Career tip - learn to effectively communicate regulatory risk in business terms
Insights from a Let's Talk Risk! conversation with Steven Silverman
Note: this article highlights key insights gained from a conversation with Steven Silverman as part of the Let’s Talk Risk! with Dr. Naveen Agarwal series on LinkedIn. Listen to the full recording of the discussion below.
M&A1 has traditionally been a strong driver of revenue growth for medical device companies. The current M&A environment, however, is very challenging for companies because of several factors, including declining capital funding and falling market valuations. According to a recent report by E&Y, venture capital was down by 21% and IPOs (Initial Public Offerings) were down by 99% during July 2022-June 2023 compared to a similar timeframe in the prior year2.
Steve shares in this conversation that evaluating regulatory risk3 is particularly challenging for investors because it is often opaque and hard to calculate4. The regulatory environment for medical devices is evolving rapidly in response to advancements in technology such as artificial intelligence and machine learning. One consequence of these rapid macro and micro changes in regulatory requirements is that it becomes challenging to accurately estimate the regulatory risk, both in the pre-market and the post-market phase. The challenge is particularly acute for devices using innovative technologies, where a suitable predicate does not exist to demonstrate substantial equivalence for a faster regulatory review and clearance through the 510k pathway.
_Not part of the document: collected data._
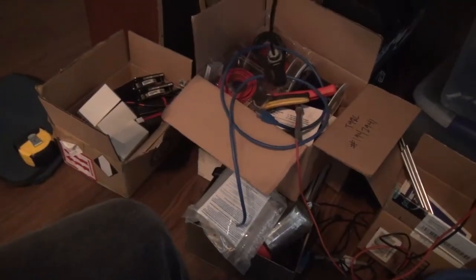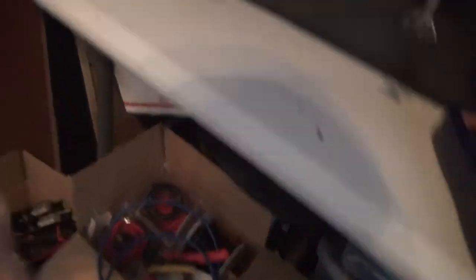The only problem is my cord doesn't reach. So we're going to go ahead and move it over there or something. I don't know — I'm winging it at this point. I'm so freaking exhausted. Let's just set it up and see what it does.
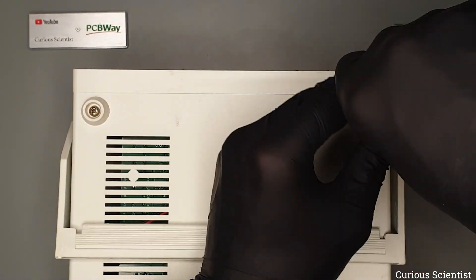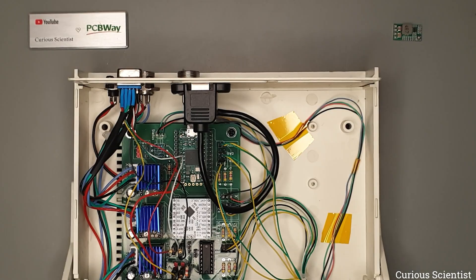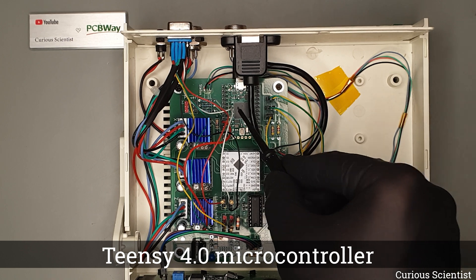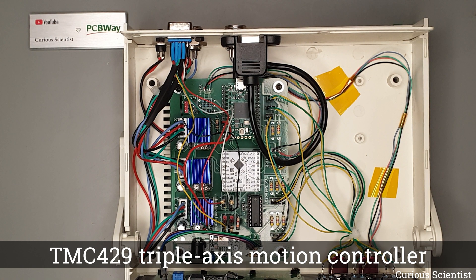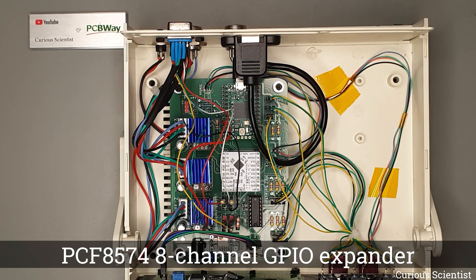Before moving on, allow me to quickly show the main components in case you haven't seen the previous video on this project. The brain of the controller is a TNC4 microcontroller — it has a very powerful CPU and enough peripherals and GPIO pins to take care of everything. The motors are handled by a TMC429 triple-axis motion controller, which can handle 3 stepper motors and 6 limit switches simultaneously. And since it does all the computations, it offloads the microcontroller. We also have an 8-channel GPIO expander.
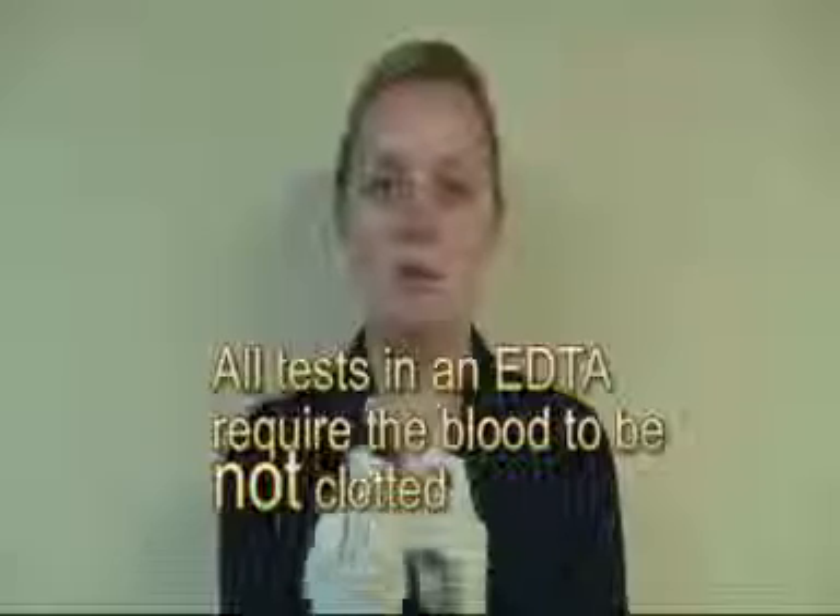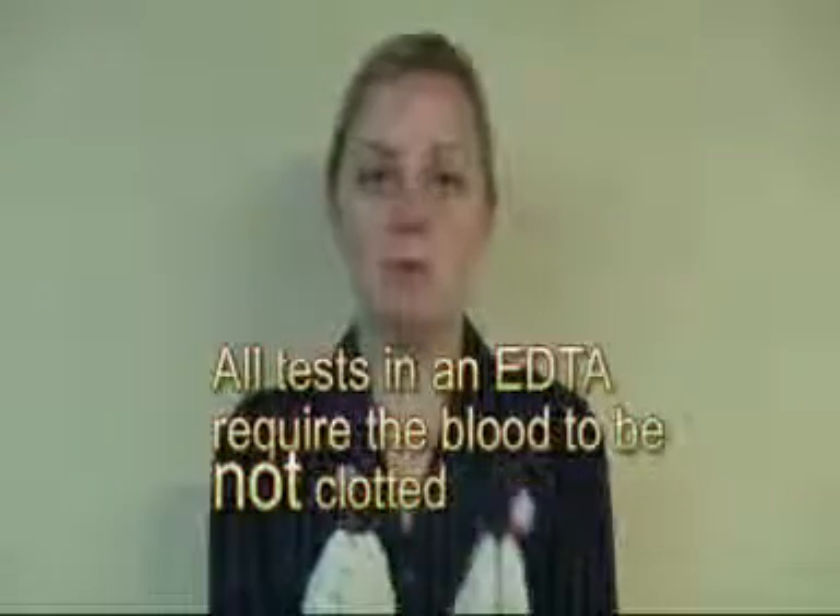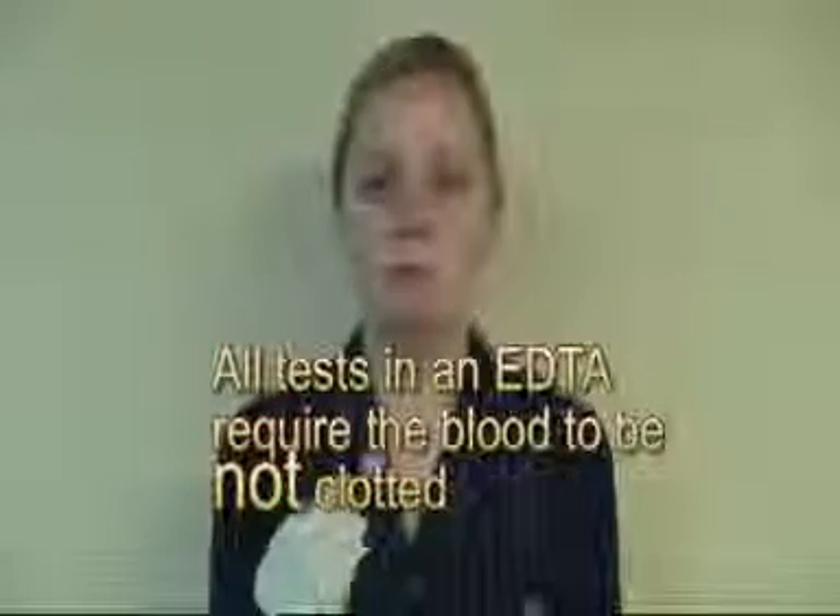If the doctor has ordered a full blood count, we will need to fill the EDTA to 250, put the lid on and invert. Start your other tube, collect that one to 250 and invert also. If additional blood is required, we then top up the first tube and the second tube. Remember to invert at both stages.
Even when a suitable predicate can be used, timeline for FDA clearance can range from a few days to more than 2 years5.
Steve shares a cautionary tale of a device firm with a strong product that misunderstood the regulatory path to bring its product to market. As a result, they faced significant delays in getting to market, and severe cash flow constraints for their operations. The firm approached more than 50 investors but could not secure any funding due to a high level of uncertainty in the regulatory process.
According to Steve, investors should not be expected to decipher the nature of regulatory risk for a device firm seeking investment or acquisition.
Device firms are better positioned to identify and explain regulatory risk, from premarket review to post-market oversight. Smart firms describe and quantify this risk for investors. These calculations show expertise, reliability, and strategic and tactical insights. Investors prize these factors when making a deal.
Quality and Regulatory professionals can help bridge this gap, and in doing so, demonstrate the business acumen needed to advance their careers into senior leadership positions. By analyzing the specific regulatory risks, and translating their potential impact in business terms, they can help achieve business goals.
The message is clear - even if you are not in an M&A environment, developing skills in analyzing regulatory risks, and effectively communicating them in business terms, can be a significant competitive advantage for advancing your career.
About Steve Silverman
Steve Silverman is president of The Silverman Group. Steve spent more than a decade at FDA in leadership positions across the Agency. He adds private-sector expertise from consulting and representing industry members. Steve develops strategies that satisfy regulators and promote business needs.
About Let’s Talk Risk! with Dr. Naveen Agarwal
Let’s Talk Risk! with Dr. Naveen Agarwal is a weekly live audio event on LinkedIn, where we talk about risk management related topics in a casual, informal way. Join us at 11:00 am EST every Friday on LinkedIn.
Disclaimer
Information and insights presented in this article are for educational purposes only. Views expressed by all speakers are their own and do not reflect those of their respective organizations.
M&A => Mergers and Acquisitions
Regulatory risk may be evaluated in terms of the likelihood and potential impact of failing to satisfy regulatory requirements applicable to a specific medical device. As an example, failing to adequately demonstrate safety and effectiveness in the pre-market phase can lead to significant delay in regulatory approval or clearance, thus delaying market launch. Warning letters and recalls in the post-market phase add to cost and delays in new product development. Therefore, regulatory risk should be considered to span throughout the lifecycle of a medical device, from pre-market review to post-market compliance.
See for example, a summary of 510k days to decision in the August 2023 Medical Device News Update on Let’s Talk Risk!.